We are playing with different ways of using GitHub to stream data and work with both current, as well as legacy data using our event-driven technology. We’ve explored lately how you can push legacy data to GitHub using Git, or the GitHub API, in regularly scheduled intervals, then proxy the JSON data using Streamata.io to recreate historical streams of data. Pushing forward the conversation around just what is streaming data. We wanted to continue pushing forward this work with new some new ideas we are looking to develop.
On concept we are experimenting with is taking a handful of stock market ticker symbols, then pulling the prices for their stocks over the course of a 4 hour period from some day in the past, and publishing the results to a GitHub repository in regularly scheduled commits. Recreating a specific 4 hour period from a specific day in the past, using GitHub as a static, yet streaming representation of that period in time. Allowing us to take any time period from the past, and publish it as a stream that anyone can consume as part of an application, or used to train or test machine learning models.
Streaming data is often something we assume represents the most up to date information. While this represents the majority of streaming data use cases today, there a numerous ways in which you can adjust, tweak, and distort the time variable to stream any data from the past, expanding the popular opinion about what streaming data is all about. Allowing a single JSON file stored on GitHub to become a real-time stream of data by pushing updates to the JSON file using Git, or the GitHub API, in the same sequence and time frame as they existed in the past. Leveraging the tools we are already putting to work (GitHub), as we expand our event-driven approach to delivering data where it needs to be, exactly when it is needed.
We are just getting going with this approach to using GitHub.

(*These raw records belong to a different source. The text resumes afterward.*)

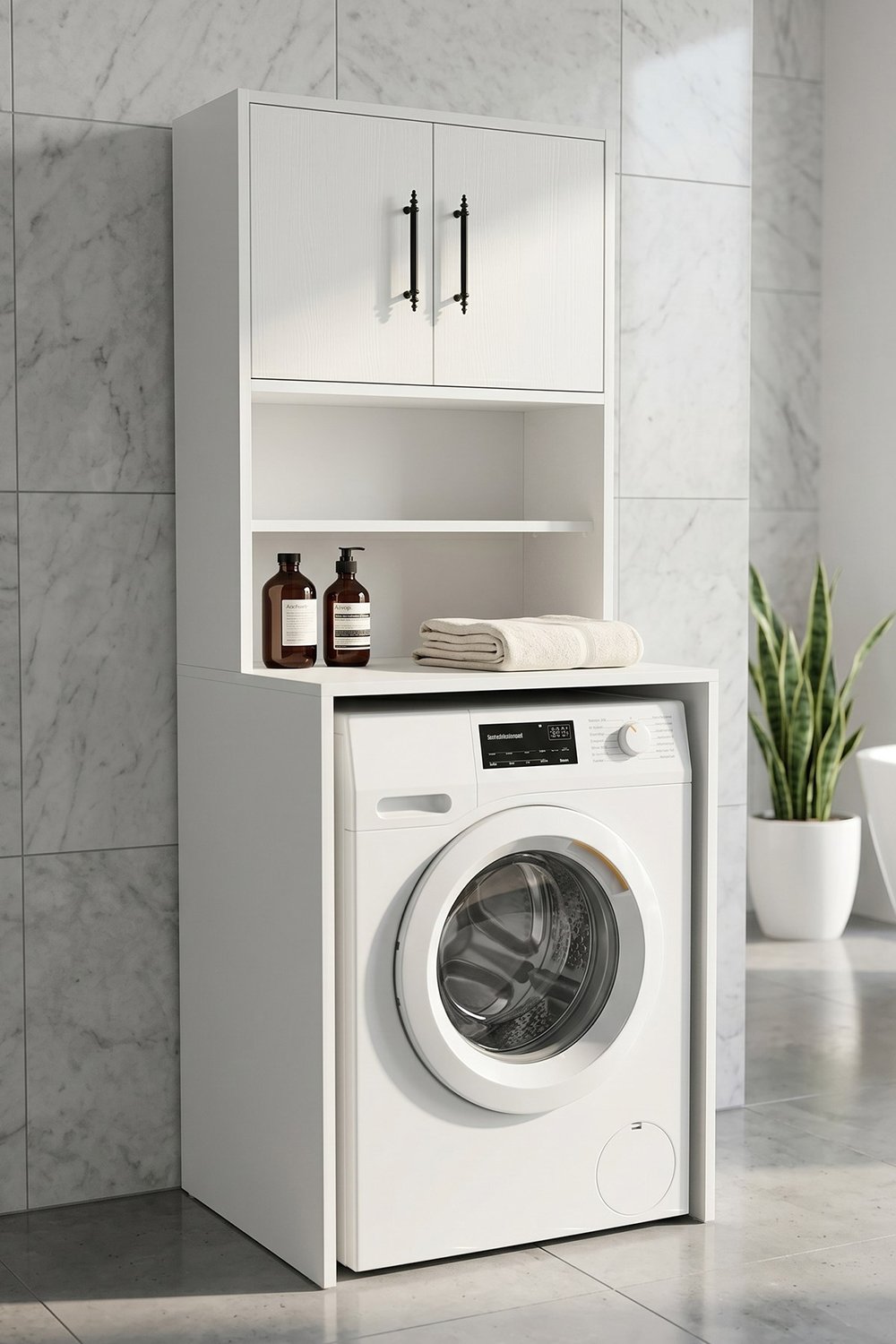 Ahşap Çok Amaçlı ,Saklama Alanlı, Çamaşır Makinesi Üstü Dolabı 6009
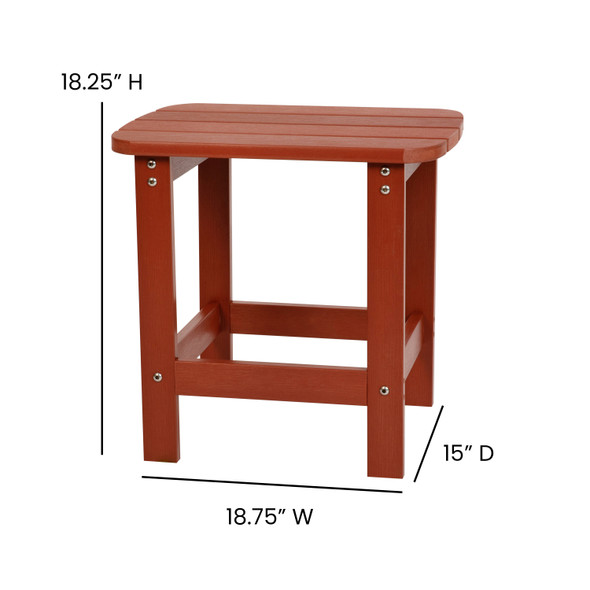 Charlestown All-Weather Poly Resin Wood Adirondack Side Table in Red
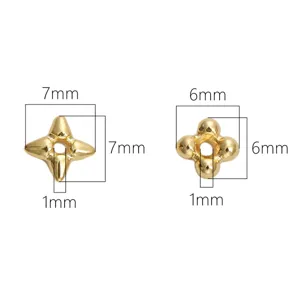 Vue détaillée de perles d'espacement dorées de 7mm et 6mm pour la création de bijoux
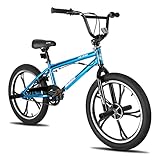 Hiland 20 Zoll 5 Speichen Kinder BMX Fahrrad für Jungen Mädchen ab 7 8 9 10 Jahre alt, 360 Grad Rotor Freestyle, 4 Pegs Single Speed Kinder BMX Fahrrad Blau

We have some more work to do on our streaming subscription prototypes, and GitHub data lake prototypes, using 3rd party APIs. We’ll keep publishing these examples of streaming data here on the blog, and experimenting with a serverless approach to streaming data, and clients side approaches on GitHub until we find the solution that resonates with our customers. Helping them develop low-cost approaches to gathering the data they need and making sure it is pushed and streamed wherever they need it, using the tools and services they already depend on.